Darah made the claim in an interview on Sunday in Abuja.

"Niger Delta states are the worst victims of inequity, bad laws, plunder, corruption and bad governance that have happened in Nigeria. This is because we are the ones whose resources have been stolen for 45 years since 1969, when the petroleum Decree No 51 was enacted by the military regime of General Yakubu Gowon.

"By that degree, the Federal Government has monopoly over income and revenue that come from oil and gas and Niger Delta is floating on oil and gas.

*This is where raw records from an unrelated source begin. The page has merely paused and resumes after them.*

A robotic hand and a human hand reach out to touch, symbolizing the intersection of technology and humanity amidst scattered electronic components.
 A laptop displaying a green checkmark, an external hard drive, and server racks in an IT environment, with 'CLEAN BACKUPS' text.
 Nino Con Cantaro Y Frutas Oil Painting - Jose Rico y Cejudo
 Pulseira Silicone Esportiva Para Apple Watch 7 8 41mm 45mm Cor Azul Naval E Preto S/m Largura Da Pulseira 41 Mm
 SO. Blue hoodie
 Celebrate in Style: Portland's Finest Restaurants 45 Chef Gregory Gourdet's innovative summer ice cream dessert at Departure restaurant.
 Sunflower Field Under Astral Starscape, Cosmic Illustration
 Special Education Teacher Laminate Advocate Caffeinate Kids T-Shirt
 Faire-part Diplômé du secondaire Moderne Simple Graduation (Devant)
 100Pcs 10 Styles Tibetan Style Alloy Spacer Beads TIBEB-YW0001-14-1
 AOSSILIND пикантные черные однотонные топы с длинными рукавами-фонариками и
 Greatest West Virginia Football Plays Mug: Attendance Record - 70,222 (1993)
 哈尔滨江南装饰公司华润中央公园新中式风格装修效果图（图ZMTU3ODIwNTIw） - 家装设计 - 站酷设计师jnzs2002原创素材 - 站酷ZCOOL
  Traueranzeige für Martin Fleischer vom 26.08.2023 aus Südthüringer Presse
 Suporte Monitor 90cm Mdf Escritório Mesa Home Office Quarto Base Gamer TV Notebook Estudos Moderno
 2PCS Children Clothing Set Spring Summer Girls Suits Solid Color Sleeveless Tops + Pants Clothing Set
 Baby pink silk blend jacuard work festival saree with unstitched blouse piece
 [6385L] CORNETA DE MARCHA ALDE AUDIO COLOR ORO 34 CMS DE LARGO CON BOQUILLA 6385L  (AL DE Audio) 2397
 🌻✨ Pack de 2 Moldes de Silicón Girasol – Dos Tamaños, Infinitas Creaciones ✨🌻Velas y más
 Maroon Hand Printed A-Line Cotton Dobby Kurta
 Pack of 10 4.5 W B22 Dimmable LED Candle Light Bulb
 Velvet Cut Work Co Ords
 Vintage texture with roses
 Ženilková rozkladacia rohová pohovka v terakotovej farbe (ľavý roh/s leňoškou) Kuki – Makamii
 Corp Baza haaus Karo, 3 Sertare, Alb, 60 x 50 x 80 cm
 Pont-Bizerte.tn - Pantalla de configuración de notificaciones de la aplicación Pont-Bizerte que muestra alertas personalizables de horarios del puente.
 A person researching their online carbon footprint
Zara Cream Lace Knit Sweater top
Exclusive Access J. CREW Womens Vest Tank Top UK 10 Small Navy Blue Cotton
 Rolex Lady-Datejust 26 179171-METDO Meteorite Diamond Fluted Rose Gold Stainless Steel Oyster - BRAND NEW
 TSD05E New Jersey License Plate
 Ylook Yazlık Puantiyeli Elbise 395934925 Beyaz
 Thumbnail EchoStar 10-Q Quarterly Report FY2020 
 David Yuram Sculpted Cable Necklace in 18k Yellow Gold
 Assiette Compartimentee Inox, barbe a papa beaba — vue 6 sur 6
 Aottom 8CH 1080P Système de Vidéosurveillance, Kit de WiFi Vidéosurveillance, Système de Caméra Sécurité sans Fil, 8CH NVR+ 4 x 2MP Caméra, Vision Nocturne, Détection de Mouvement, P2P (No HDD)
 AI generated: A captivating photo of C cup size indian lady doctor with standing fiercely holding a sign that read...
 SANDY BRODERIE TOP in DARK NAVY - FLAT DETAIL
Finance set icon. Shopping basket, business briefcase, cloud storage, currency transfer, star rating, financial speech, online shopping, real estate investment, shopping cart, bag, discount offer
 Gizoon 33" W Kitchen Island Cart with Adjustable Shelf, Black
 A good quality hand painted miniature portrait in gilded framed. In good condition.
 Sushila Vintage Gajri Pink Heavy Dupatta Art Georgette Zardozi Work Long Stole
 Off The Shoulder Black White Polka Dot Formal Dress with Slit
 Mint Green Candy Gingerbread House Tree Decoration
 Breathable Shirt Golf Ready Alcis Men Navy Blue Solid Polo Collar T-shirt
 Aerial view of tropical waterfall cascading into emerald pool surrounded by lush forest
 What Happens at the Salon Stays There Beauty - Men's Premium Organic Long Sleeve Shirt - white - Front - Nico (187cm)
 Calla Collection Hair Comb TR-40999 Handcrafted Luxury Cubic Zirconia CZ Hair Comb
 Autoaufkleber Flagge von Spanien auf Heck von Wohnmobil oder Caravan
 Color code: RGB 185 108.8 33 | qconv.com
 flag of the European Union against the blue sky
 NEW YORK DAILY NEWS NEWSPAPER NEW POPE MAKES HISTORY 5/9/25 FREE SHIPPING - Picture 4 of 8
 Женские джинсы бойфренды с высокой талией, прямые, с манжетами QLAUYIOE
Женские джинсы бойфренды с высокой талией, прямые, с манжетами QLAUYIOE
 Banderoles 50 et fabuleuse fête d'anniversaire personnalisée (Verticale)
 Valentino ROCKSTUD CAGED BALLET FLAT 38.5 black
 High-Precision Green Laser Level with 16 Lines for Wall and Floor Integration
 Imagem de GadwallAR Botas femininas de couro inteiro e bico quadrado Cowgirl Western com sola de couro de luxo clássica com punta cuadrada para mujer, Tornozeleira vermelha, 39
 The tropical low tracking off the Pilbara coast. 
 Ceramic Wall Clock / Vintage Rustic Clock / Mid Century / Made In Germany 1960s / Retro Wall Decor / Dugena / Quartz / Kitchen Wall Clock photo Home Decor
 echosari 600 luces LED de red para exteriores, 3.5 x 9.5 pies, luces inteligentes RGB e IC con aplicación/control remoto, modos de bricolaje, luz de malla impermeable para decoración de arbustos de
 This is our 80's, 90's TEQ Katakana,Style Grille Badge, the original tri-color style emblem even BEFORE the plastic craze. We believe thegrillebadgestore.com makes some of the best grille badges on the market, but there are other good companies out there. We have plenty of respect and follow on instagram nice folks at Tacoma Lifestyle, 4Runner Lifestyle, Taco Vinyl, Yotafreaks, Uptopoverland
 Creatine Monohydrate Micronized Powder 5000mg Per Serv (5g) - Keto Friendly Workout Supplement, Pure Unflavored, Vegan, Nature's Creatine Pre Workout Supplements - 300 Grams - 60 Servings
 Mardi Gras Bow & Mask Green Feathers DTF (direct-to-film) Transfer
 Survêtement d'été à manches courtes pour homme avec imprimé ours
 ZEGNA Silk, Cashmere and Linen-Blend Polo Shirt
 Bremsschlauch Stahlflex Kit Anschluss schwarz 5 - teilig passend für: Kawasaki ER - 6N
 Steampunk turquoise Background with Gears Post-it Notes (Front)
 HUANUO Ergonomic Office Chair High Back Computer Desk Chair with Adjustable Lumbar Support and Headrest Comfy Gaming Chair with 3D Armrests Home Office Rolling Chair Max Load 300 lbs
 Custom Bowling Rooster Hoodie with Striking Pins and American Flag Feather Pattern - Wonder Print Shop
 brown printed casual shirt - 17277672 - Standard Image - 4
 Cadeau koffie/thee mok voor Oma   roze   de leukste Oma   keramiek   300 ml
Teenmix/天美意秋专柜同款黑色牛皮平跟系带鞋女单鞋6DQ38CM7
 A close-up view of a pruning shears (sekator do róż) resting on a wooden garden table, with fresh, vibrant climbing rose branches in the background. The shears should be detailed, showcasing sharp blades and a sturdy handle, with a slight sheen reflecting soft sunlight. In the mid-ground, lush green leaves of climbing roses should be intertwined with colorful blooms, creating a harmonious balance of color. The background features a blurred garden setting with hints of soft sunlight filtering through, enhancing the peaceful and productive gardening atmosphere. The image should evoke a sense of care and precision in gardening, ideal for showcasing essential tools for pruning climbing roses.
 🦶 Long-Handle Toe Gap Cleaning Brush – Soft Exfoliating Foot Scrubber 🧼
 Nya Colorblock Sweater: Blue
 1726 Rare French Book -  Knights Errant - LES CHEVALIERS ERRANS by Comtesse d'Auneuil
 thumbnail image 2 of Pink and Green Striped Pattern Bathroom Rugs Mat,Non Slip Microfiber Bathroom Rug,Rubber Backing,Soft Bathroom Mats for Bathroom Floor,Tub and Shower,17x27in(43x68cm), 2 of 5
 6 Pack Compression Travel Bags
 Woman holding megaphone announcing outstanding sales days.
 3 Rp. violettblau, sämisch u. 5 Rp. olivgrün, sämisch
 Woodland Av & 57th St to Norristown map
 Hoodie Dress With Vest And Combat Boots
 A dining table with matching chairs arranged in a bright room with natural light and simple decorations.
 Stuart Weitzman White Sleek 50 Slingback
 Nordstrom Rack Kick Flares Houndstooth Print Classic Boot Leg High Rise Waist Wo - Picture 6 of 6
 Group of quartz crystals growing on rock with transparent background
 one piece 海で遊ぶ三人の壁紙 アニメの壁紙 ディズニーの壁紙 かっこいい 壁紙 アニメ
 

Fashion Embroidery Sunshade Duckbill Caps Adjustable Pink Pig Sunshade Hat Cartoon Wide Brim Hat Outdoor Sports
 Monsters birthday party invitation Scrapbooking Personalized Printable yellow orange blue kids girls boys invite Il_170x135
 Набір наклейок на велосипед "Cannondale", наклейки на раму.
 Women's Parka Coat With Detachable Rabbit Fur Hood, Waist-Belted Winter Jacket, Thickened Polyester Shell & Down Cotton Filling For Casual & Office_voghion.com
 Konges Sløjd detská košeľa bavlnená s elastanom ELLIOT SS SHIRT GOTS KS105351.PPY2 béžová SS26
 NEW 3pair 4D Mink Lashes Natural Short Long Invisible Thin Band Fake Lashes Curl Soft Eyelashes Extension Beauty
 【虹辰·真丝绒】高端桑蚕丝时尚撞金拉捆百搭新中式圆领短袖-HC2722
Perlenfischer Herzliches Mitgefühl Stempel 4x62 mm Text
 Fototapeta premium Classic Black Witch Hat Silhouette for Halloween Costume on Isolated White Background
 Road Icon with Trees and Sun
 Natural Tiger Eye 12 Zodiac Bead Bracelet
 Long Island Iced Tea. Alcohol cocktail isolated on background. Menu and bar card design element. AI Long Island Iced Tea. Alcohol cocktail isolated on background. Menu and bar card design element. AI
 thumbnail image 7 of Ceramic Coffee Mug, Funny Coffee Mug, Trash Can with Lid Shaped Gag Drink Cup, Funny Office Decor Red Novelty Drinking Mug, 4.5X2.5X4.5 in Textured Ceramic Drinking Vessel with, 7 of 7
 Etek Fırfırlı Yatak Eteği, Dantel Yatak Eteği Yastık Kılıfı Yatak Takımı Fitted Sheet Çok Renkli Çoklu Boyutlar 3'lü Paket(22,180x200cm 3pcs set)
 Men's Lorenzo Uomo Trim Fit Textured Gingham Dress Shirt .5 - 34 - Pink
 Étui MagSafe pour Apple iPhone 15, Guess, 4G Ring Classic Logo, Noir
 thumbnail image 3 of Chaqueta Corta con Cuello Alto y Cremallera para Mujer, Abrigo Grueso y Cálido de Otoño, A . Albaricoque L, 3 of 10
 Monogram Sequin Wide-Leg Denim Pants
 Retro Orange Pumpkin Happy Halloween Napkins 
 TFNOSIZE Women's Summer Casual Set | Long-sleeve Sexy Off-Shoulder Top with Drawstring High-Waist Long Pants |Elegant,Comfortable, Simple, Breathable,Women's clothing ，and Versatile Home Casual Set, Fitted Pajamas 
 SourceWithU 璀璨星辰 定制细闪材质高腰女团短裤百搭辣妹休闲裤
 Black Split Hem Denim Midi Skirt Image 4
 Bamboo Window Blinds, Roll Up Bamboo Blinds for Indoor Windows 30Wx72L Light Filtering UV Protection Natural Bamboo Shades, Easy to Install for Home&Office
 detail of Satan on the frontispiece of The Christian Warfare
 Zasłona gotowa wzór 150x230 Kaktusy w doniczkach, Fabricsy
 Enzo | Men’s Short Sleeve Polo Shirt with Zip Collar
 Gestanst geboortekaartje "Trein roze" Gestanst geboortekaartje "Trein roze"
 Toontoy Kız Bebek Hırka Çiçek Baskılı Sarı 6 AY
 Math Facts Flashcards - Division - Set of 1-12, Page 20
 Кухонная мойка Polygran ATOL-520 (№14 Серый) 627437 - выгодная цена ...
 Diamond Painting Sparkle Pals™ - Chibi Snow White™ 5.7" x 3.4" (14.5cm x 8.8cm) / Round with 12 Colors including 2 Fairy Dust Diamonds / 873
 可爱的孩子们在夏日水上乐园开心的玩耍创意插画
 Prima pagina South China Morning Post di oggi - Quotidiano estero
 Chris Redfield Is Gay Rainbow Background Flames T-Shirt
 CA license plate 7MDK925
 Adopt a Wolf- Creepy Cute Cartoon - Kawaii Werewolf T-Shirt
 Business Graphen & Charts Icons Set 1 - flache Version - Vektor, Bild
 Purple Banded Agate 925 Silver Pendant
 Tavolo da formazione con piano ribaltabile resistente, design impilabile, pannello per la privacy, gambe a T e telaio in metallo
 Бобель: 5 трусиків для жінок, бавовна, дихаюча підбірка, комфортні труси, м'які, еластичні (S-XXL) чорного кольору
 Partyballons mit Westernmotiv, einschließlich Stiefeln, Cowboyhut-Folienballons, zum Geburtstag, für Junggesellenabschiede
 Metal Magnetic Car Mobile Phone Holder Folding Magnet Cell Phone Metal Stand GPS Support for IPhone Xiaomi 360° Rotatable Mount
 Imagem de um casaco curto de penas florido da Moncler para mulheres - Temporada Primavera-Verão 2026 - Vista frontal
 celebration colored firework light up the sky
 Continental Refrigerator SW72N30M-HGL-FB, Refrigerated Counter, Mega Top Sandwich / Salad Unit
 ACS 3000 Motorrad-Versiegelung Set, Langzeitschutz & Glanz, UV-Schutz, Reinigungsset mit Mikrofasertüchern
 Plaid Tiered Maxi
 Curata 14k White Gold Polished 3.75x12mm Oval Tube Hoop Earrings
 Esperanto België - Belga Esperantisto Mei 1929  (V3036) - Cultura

So, we are the most injured, most exploited and the most dispossessed region in the country.’’

Darah said for this reason, Niger Delta delegates were prepared morally, philosophically and intellectually not just to set the tone for the conference but also to correct the injustice that had allegedly been meted to the region.

He said that the delegates had conducted an extensive research on all the ramifications of petroleum resources and how it had harmed and injured their people, society and territory.

"We have documented it for over 10 years, so we are loaded with data; we took it to the national conference of 2005 which was aborted.. We have now updated the research and we are going to offload them in this conference.’’

The don said that the expectation of the Niger Delta region was that the laws, decrees and policies deliberately enacted to dispossess the region of its oil and gas wealth must be expunged from the constitution.

"The most notorious one of them is section 44, sub-section 3, of the constitution. The section says that all minerals and natural gas found on the earth, below the earth, in the air, under the sea and wherever it is found, belong to the Federal Government of Nigeria. That is the most precious wealth that we have and it is a wealth that exhausts by constant exploitation. The more voraciously they exploit it, the less will be the reserve left for those who are alive now, for the children who are coming.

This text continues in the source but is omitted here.